• _Task to complete_
Below are entries; copy exactly, and only, the lines from the one containing "Reproducción/Reproduction 48908268523: Atlas" through their final line, leaving out pictures.

•••

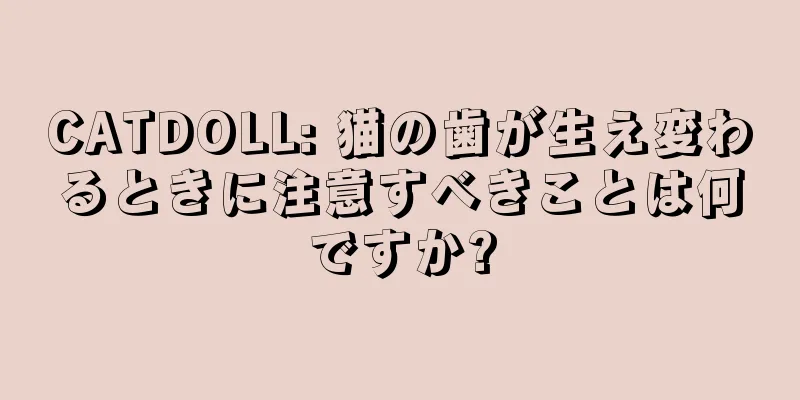 CATDOLL: 猫の歯が生え変わるときに注意すべきことは何ですか?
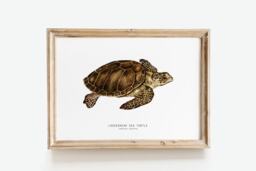 Loggerhead Sea Turtle Art Print - Caretta Caretta Wall D??cor Gift Watercolour Ocean, Beach Living Room Kids Nursery - thumbnail 1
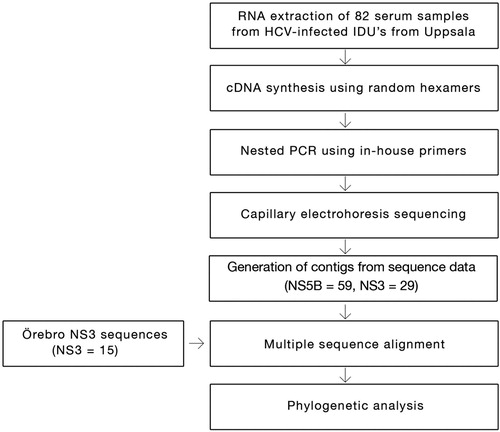 Fig. 1.  Flowchart overview of the methodology.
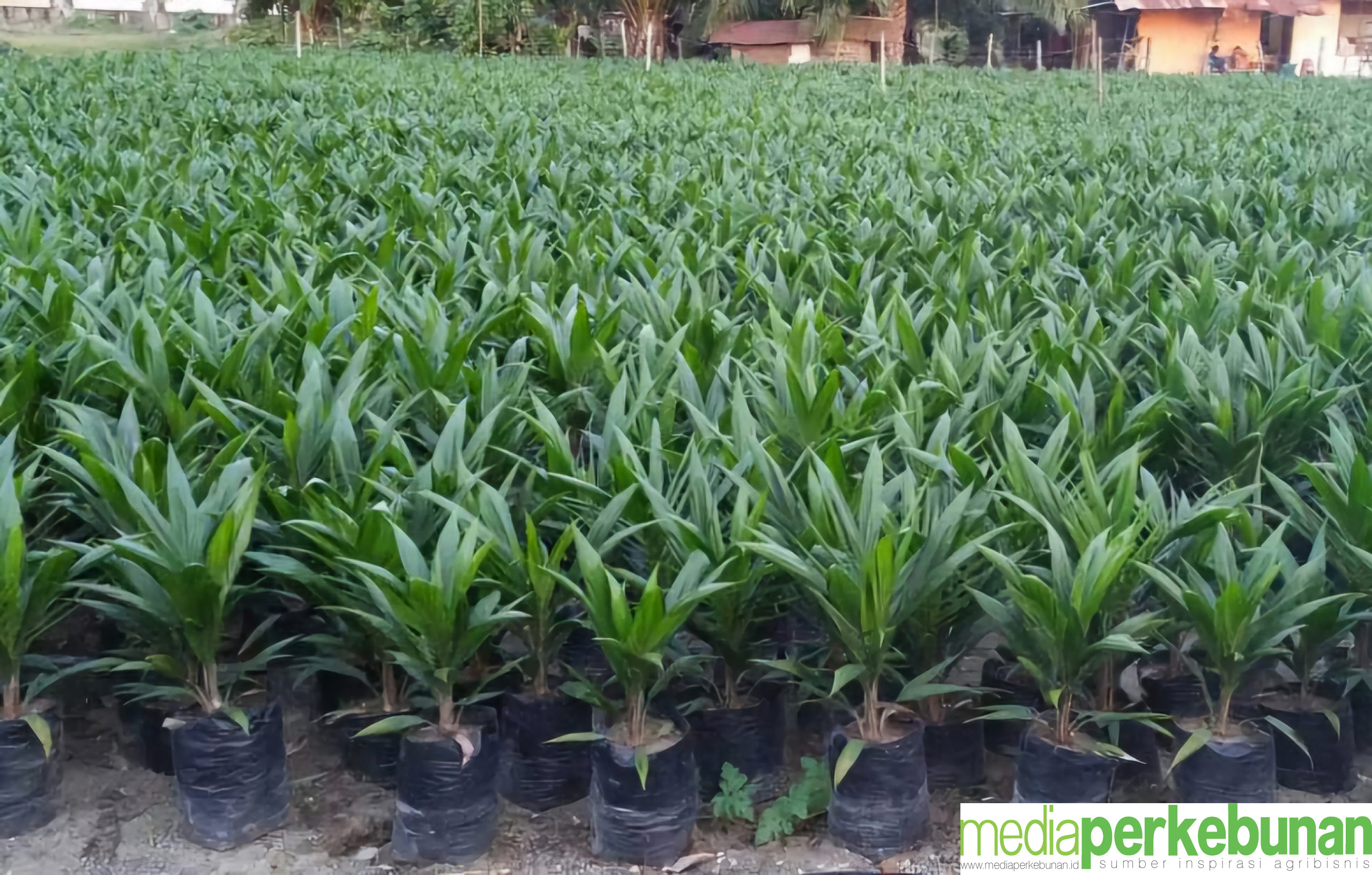 Penetapan Harga Bibit Sawit Terbaru untuk Program PSR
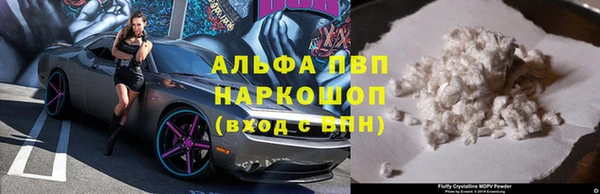 амф Вязьма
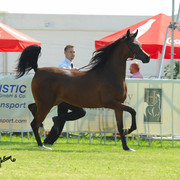 The 2011 Polish National Championships & Pride of Poland Sale
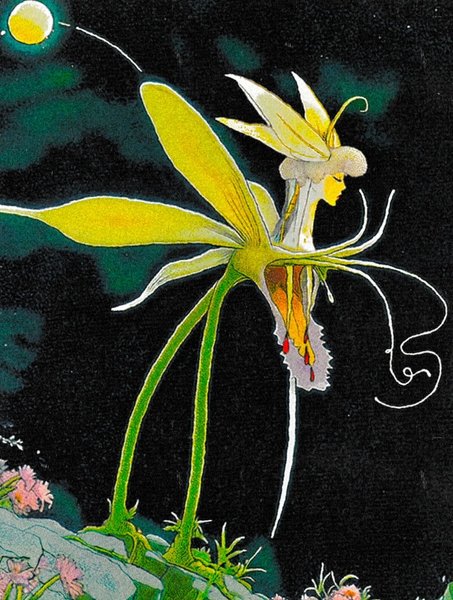 Thumbnail of p-dlmx6hapios-08b2274105204758 0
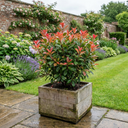 Photinia Magical Volcano Evergreen Shrub Plant (3L Pot)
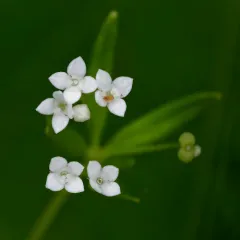 Bluntleaf Bedstraw thumbnail 3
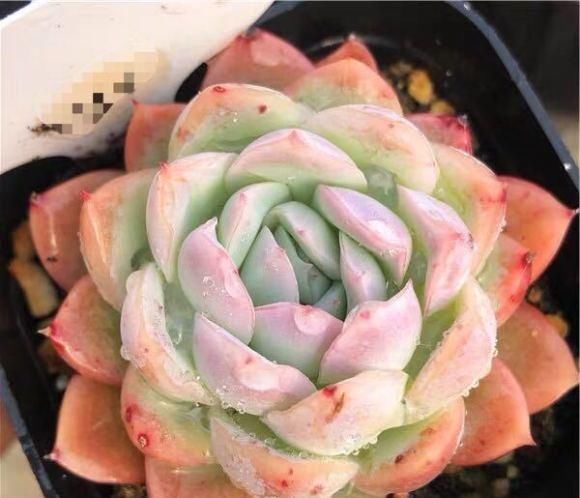  饱满：多肉叶子“扁瘪”，做到控水，晒太阳，叶子饱满的像大果冻
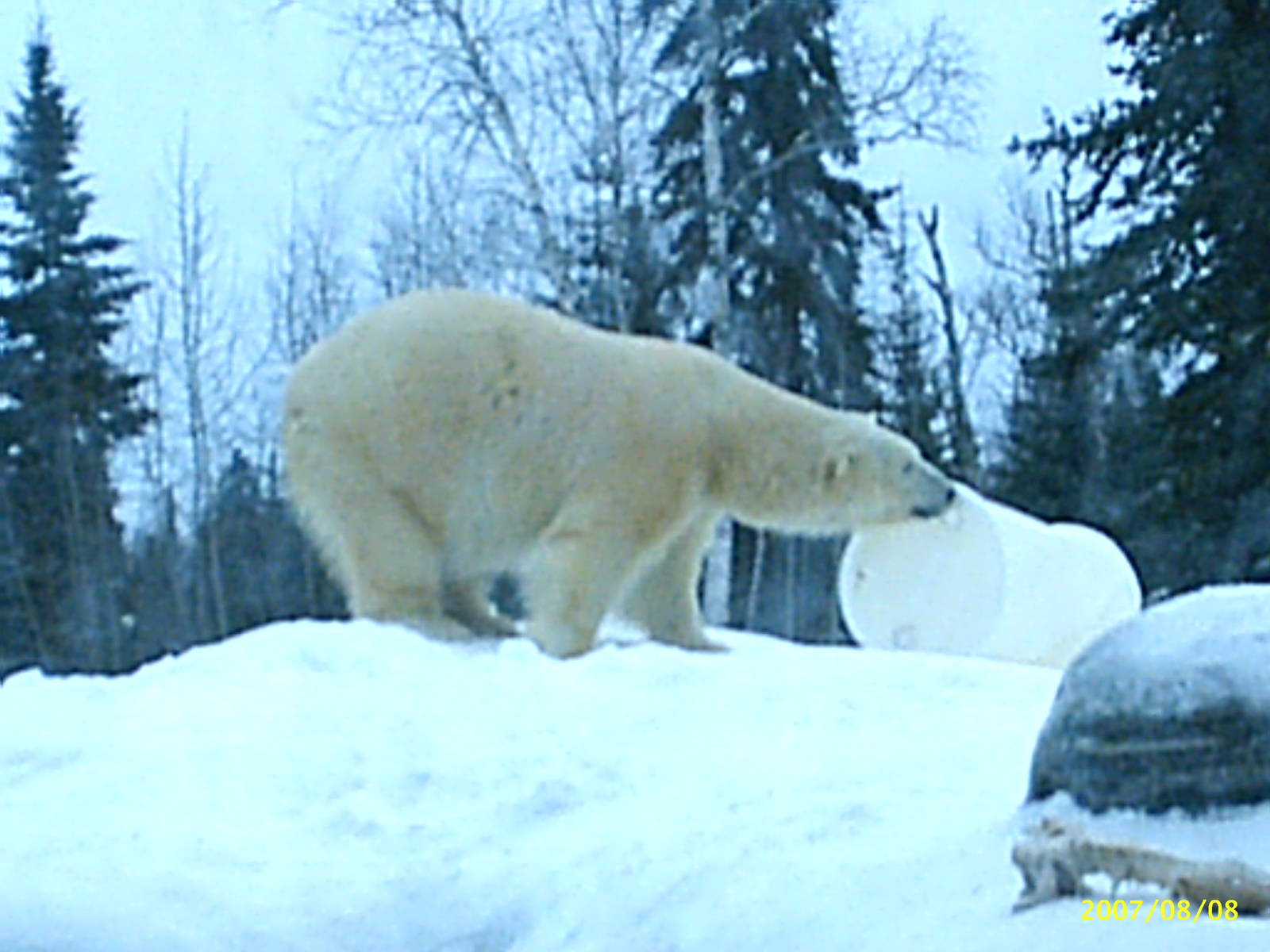 Polar Bear December 2007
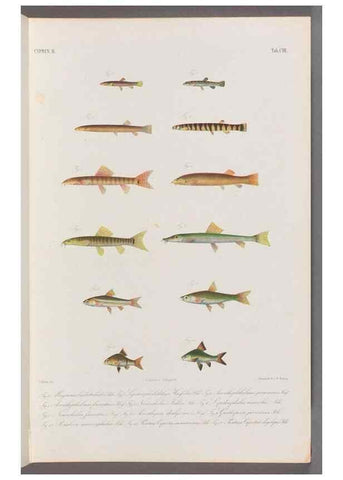 Reproducción/Reproduction 48908268523: Atlas ichthyologique des Indes orientales néêrlandaises :. Amsterdam :Frédéric Muller, editeur,1862-1878. 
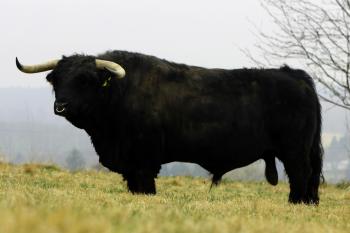 animal image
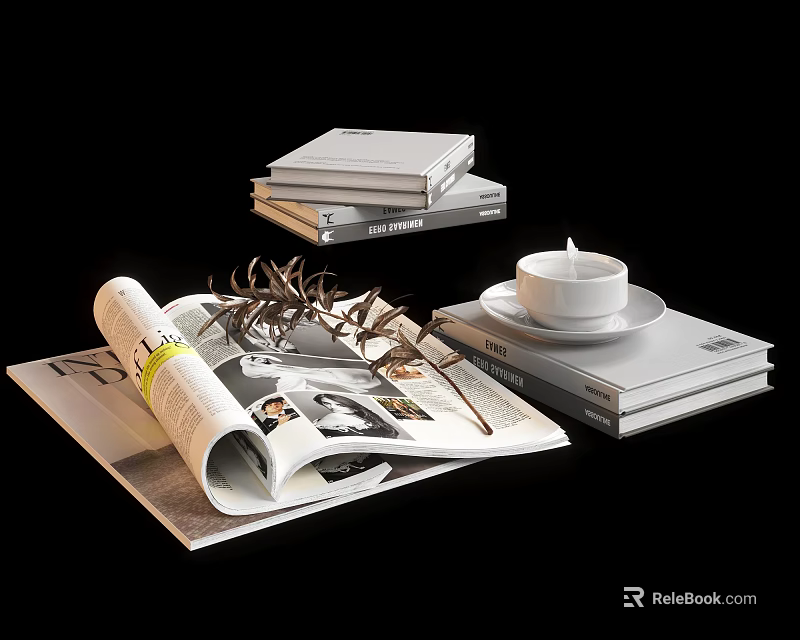 Stylish Open Magazine with Stack of Books and Teacup on Saucer with Decorative Twigs 3d model 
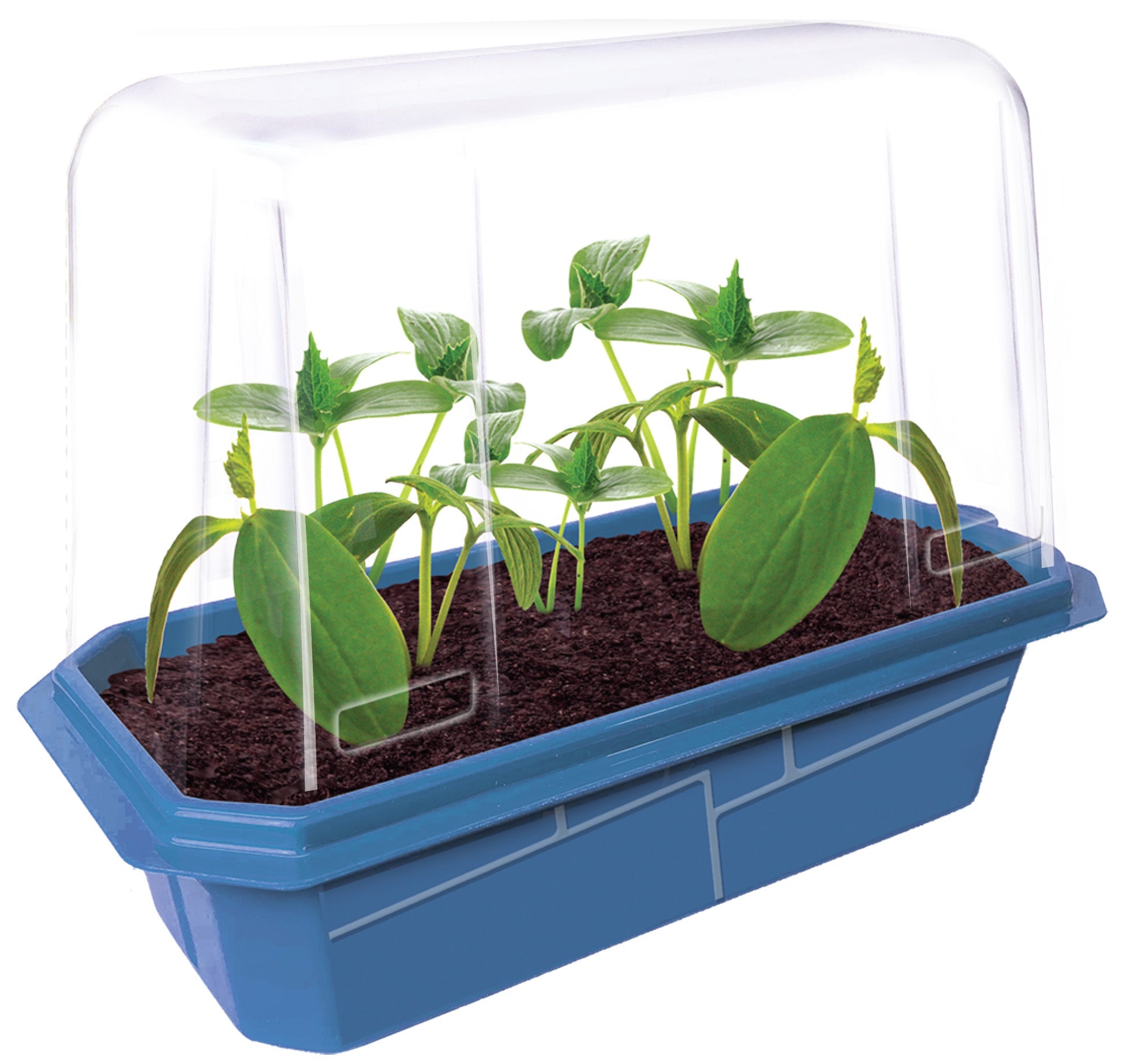 Slicing Cucumbers Sprouter Terrarium product image 2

•••

• _Written response_
 Reproducción/Reproduction 48908268523: Atlas ichthyologique des Indes orientales néêrlandaises :. Amsterdam :Frédéric Muller, editeur,1862-1878. 
 animal image
 Stylish Open Magazine with Stack of Books and Teacup on Saucer with Decorative Twigs 3d model 
 Slicing Cucumbers Sprouter Terrarium product image 2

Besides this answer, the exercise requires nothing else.